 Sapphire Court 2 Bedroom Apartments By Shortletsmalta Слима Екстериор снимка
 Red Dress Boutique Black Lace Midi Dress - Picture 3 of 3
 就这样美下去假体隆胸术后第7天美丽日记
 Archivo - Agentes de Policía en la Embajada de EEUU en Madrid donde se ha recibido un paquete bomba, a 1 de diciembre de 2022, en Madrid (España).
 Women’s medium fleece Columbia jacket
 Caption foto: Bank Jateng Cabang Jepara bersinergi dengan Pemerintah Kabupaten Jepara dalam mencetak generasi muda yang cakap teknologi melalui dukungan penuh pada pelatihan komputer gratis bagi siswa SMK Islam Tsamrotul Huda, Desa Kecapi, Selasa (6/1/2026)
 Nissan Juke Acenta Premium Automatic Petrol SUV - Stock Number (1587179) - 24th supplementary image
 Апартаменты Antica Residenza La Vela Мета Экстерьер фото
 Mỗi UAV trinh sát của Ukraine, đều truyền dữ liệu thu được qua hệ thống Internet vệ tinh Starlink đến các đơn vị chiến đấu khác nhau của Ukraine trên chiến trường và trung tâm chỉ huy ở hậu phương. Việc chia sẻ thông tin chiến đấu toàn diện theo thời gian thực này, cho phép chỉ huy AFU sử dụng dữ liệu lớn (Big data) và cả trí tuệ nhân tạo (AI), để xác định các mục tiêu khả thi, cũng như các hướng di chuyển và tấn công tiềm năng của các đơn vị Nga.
* * *
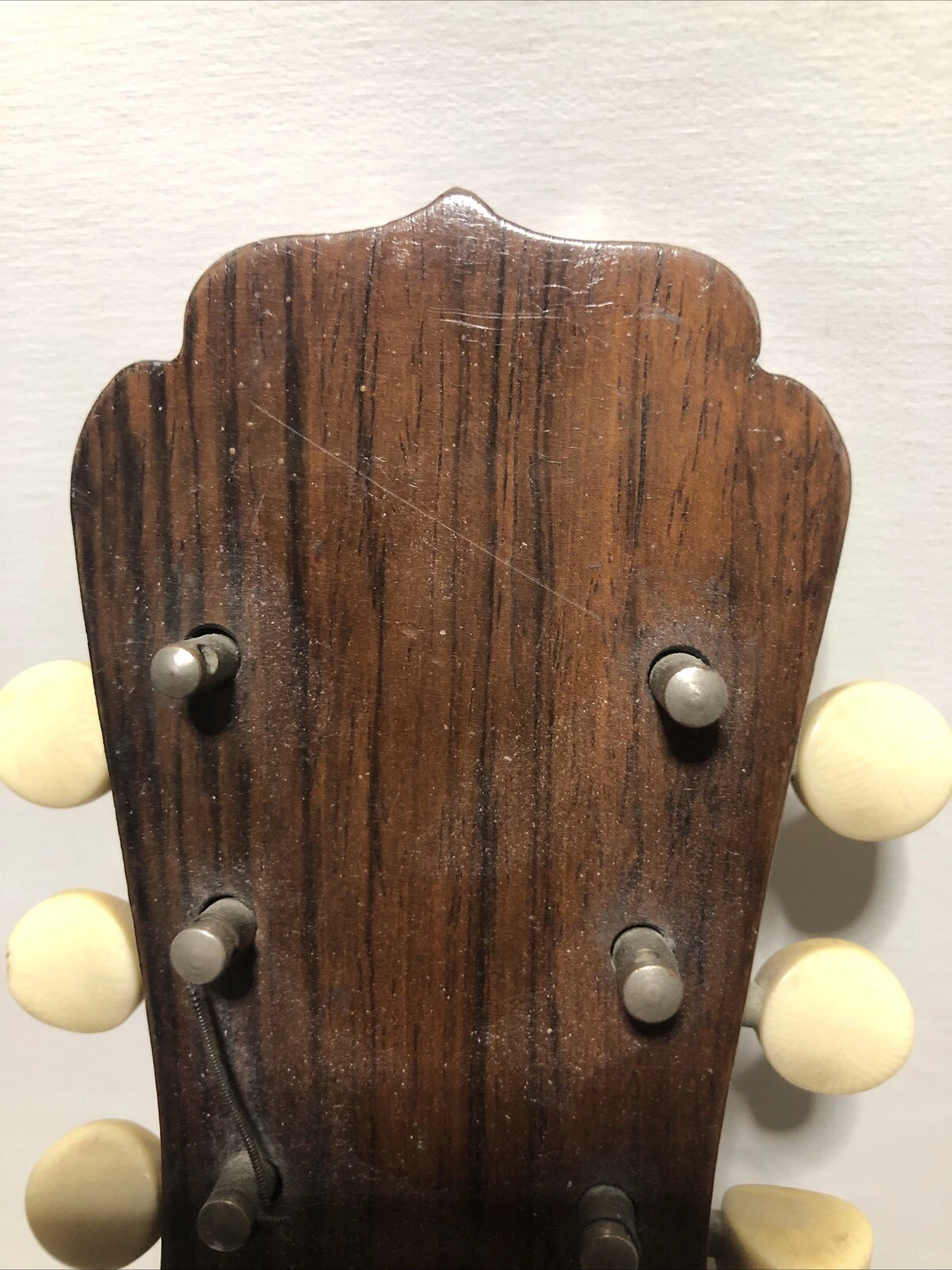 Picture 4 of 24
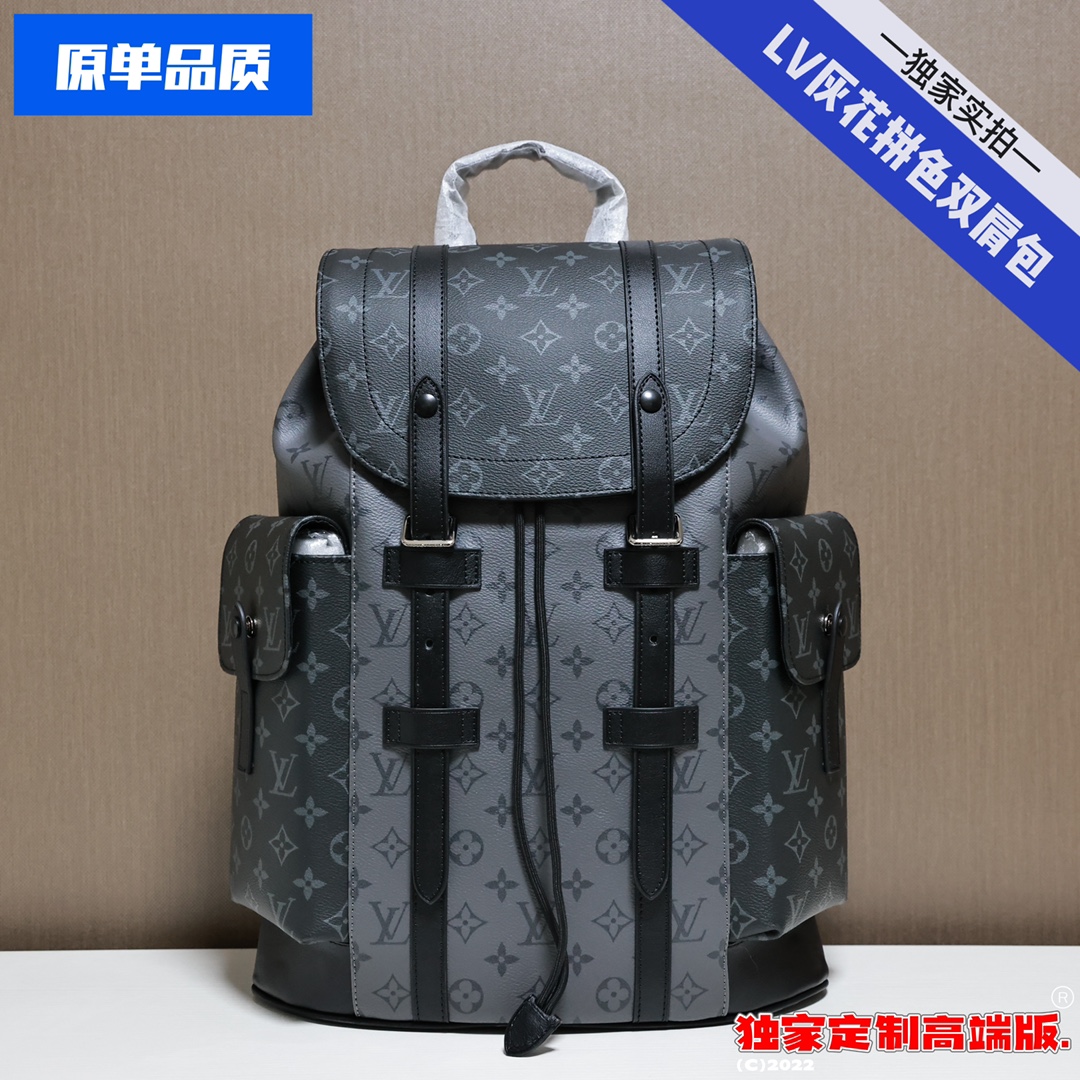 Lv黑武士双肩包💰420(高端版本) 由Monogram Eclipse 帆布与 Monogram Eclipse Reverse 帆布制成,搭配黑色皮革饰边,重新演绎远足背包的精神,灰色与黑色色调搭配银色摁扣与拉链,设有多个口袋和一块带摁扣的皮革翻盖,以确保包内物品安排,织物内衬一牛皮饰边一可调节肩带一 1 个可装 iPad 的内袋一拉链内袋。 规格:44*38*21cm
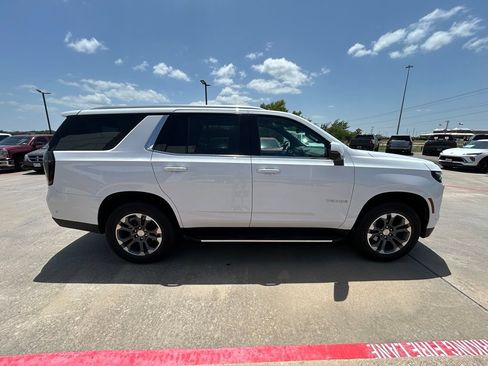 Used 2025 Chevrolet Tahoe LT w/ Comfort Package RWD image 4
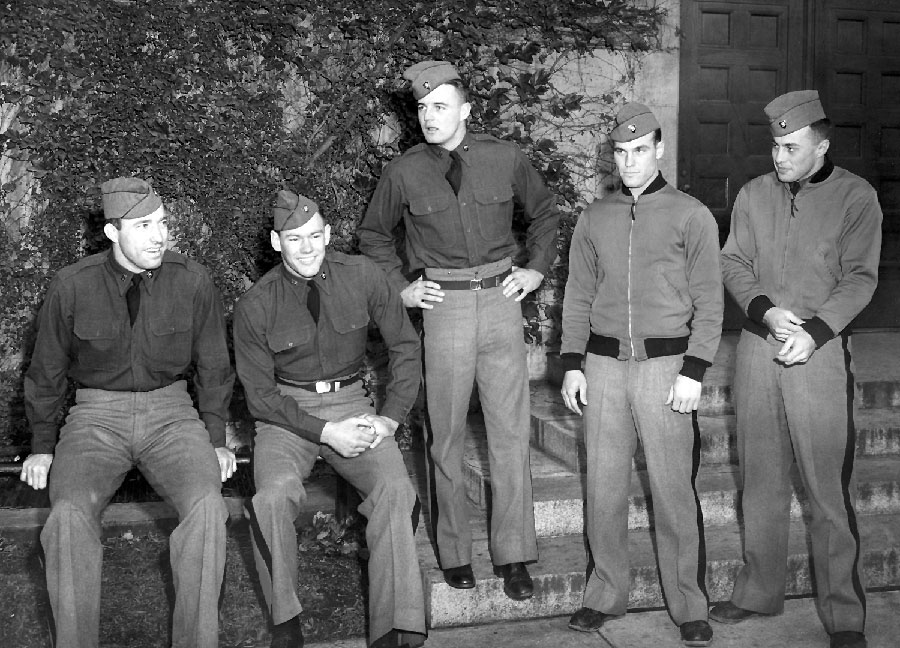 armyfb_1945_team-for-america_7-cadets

### WHAT IS REQUIRED
In the listing above, find the line containing "Sapphire Court 2" and the line containing "Women’s medium fleece Columbia jacket", then repeat those two lines and everything between them exactly.

### REPLY
 Sapphire Court 2 Bedroom Apartments By Shortletsmalta Слима Екстериор снимка
 Red Dress Boutique Black Lace Midi Dress - Picture 3 of 3
 就这样美下去假体隆胸术后第7天美丽日记
 Archivo - Agentes de Policía en la Embajada de EEUU en Madrid donde se ha recibido un paquete bomba, a 1 de diciembre de 2022, en Madrid (España).
 Women’s medium fleece Columbia jacket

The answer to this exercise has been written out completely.